Compravendita immobiliare: problematiche fiscali

spesso e volentieri il Fisco, ai fini del calcolo del valore normale dell’immobile, si riferisce alle quotazioni O.M.I., al valore attribuito all’immobile dalle perizie di stima redatte dagli istituti bancari all’atto della concessione del mutuo, o ancora agli annunci immobiliari da cui si desumono le quotazioni di mercato; non è detto che tale valore sia veritiero

In caso di compravendite immobiliari, va annullato l’avviso di accertamento che si basa sulla presunzione semplice costituita dalla differenza fra prezzo e importo del mutuo, se questa non è confermata dalle dichiarazioni rese dagli acquirenti.

Tale è la massima della sentenza n. 75/20/2011, emessa dalla CTR dell’Emilia-Romagna.

 

Premessa

In caso di compravendite immobiliari, va annullato l’avviso di accertamento che si basa sulla presunzione semplice costituita dalla differenza fra prezzo e importo del mutuo, se questa non è confermata dalle dichiarazioni rese dagli acquirenti.

E’ questa la massima della sentenza n. 75/20/2011, emessa dalla CTR dell’Emilia-Romagna, la quale ha affrontato una problematica, interessante quanto diffusa, attinente all’accertamento del valore degli immobili venduti, da parte dell’amministrazione, sulla scorta dell’importo dei mutui fondiari concessi dalle banche.

Tale sentenza, a ben vedere, appare perfettamente in linea con quello che è l’orientamento che più volte è stato espresso in materia, da parte della giurisprudenza di merito, e di recente anche dalla Commissione Tributaria Regionale della Lombardia (sentenza n. 96/8/2011).

 

La vicenda

Fatto

Nella specie, l’Agenzia delle Entrate di Guastalla appellava una sentenza della CTP di Reggio Emilia che accoglieva, previa loro riunione, i ricorsi presentati da una S.n.c. contro gli avvisi accertamento emessi dall’Agenzia delle Entrate per rettificare le dichiarazioni della Società ai fini IVA e IRAP relative agli anni 2003 – 2004 e 2005.

 

Motivi d’appello

L’Ufficio proponeva due motivi di impugnazione:

  • la carenza di motivazione della sentenza impugnata e falsa applicazione dell’art. 39 del DPR n° 600/1973 e dell’art. 54 del DPR 633/1972;

  • l’utilizzabilità dei dati acquisiti irritualmente “per la superiore esigenza di realizzare la giusta imposizione”.

 

In particolare, in relazione al primo motivo l’Agenzia rilevava che:

  • l’accertamento era fondato sui dati dell’Osservatorio immobiliare;

  • sulle valutazioni dei prezzi di altri immobili situati nella stessa zona;

  • sul confronto fra il prezzo dichiarato a rogito e l’importo del mutuo, dati disponibili per effetto della registrazione degli atti, anche prescindendo dagli accertamenti bancari.

 

Inoltre, per alcuni atti, l’accertamento era supportato anche dalle testimonianze degli acquirenti che avevano escluso l’esistenza di spese per la ristrutturazione o il completamento degli immobili acquistati.

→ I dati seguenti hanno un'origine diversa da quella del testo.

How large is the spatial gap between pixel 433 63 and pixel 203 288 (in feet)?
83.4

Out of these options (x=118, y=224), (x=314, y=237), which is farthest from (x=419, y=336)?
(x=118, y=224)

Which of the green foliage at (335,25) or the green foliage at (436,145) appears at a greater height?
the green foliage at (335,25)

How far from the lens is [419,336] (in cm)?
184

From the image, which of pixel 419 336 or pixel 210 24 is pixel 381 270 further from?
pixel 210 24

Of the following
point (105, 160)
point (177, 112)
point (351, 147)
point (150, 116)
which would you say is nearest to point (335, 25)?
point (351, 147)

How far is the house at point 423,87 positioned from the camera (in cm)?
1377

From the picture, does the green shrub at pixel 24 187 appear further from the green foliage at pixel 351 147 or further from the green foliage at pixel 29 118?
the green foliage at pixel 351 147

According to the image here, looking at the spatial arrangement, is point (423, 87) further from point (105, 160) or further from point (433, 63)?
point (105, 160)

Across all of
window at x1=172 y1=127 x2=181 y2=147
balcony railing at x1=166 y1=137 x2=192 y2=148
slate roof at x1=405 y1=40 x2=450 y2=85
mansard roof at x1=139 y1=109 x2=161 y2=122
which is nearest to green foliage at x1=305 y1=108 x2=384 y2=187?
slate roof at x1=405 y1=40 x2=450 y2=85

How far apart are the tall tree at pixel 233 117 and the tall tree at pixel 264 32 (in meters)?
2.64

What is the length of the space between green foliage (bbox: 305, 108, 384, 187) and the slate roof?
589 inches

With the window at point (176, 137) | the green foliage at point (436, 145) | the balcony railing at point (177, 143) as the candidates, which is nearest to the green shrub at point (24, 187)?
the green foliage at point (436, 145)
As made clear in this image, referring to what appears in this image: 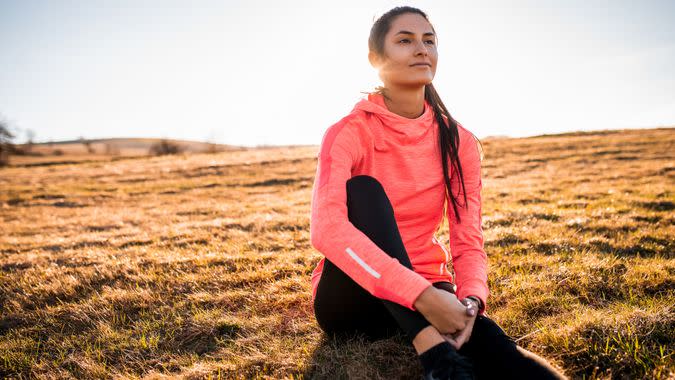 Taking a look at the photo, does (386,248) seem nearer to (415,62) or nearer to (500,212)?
(415,62)

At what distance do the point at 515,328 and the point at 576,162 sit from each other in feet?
65.4

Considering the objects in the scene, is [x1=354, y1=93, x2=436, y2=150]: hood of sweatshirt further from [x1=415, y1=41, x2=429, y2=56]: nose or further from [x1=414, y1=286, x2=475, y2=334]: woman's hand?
[x1=414, y1=286, x2=475, y2=334]: woman's hand

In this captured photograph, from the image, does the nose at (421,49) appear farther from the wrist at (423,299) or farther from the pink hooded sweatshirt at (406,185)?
the wrist at (423,299)

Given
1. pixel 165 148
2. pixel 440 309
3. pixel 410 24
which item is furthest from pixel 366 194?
pixel 165 148

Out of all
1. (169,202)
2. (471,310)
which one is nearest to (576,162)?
(169,202)

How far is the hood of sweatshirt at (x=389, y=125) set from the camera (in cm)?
Answer: 299

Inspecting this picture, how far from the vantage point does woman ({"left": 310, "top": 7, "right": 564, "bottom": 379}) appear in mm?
2184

Quanto al secondo motivo, invece, l’Ufficio riteneva che la teoria dell’invalidità delle prove acquisite in forma non rituale era applicabile solo agli atti amministrativi in senso stretto, mentre per gli accertamenti tributari tali principi erano superati dalla tutela di altri valori giuridicamente rilevanti.

Spesso e volentieri il Fisco, ai fini del calcolo del valore normale dell’immobile, si riferisce alle quotazioni O.m.i., al valore attribuito all’immobile dalle perizie di stima redatte dagli istituti bancari all’atto della concessione del mutuo, o ancora agli annunci immobiliari da cui si desumono le quotazioni di mercato.

 

Motivi della decisione

Argomentazioni della CTR

La CTR dell’Emilia Romagna, in primis, ha esaminato la questione inerente la validità dei dati acquisiti non attraverso la procedura di indagini finanziarie, ma mediante questionari, chiarendo che in materia tributaria non vige il principio della inutilizzabilità della prova irritualmente acquisita, come invece è sancito nel Codice di procedura penale (Cassazione, sentenza n. 4987/2003). Pertanto, sono validi e utilizzabili i dati finanziari acquisiti anche attraverso i questionari.

 

Mera presunzione semplice

Tuttavia, nel caso in esame, per come accertato dalla CTR i risultati delle indagini hanno fatto emergere uno scostamento tra prezzo indicato in fattura e mutuo erogato dalla banca che configura una presunzione semplice dell’esistenza di una differenza fra il prezzo effettivamente pagato e quello indicato in fattura; non esistendo una norma che assegni a tale scostamento il valore di presunzione legale di un prezzo diverso da quello indicato in fattura.

 

Esigenze degli acquirenti

Inoltre, le indagini effettuate presso gli acquirenti hanno giustificato il maggior importo del mutuo con esigenze proprie degli acquirenti costituite dalla sostituzione degli infissi standard con altri di qualità superiore, oppure con l’esigenza di ammobiliare l’appartamento oppure infine con l’esigenza di installare un impianto di condizionamento.

 

Pertanto, la presunzione semplice costituita dalla differenza fra prezzo ed importo del mutuo non ha trovato conferma nelle dichiarazioni rese da parte degli acquirenti.

 

Principio di diritto

Circostanza, questa, che ha portato la CTR a giungere alla seguente conclusione:

  • quando la presunzione semplice costituita dalla differenza fra prezzo e importo del mutuo non è confermata dalle dichiarazioni rese dagli acquirenti, non esiste valida prova dell’evasione e l’accertamento deve essere annullato; viceversa, quando l’elemento indiziario costituito dal divario è corroborata dalle dichiarazioni dell’acquirente che confermano il maggior prezzo esiste la prova dell’evasione fiscale a sostegno dei valori accertati”.

 

In buona sostanza, la semplice differenza tra il mutuo erogato e il valore di vendita dichiarato non è da sola sufficiente a provare la sottofatturazione dell’immobile, occorrendo altre prove e indizi tali da far sussistere le presunzioni «gravi, precise e concordanti».

 

Già la CTR della Lombardia, con la sentenza n° 96/8/2011, aveva avuto modo di chiarire che il valore del mutuo contratto per l’acquisto di un immobile, superiore al prezzo di compravendita, e il maggior valore degli immobili dedotto dal Fisco sulla base dei valori dell’Osservatorio del mercato immobiliare (O.m.i.), non rappresentano elementi di per se stessi sufficienti alla rettifica della dichiarazione dell’impresa venditrice, se non vi sono altre prove.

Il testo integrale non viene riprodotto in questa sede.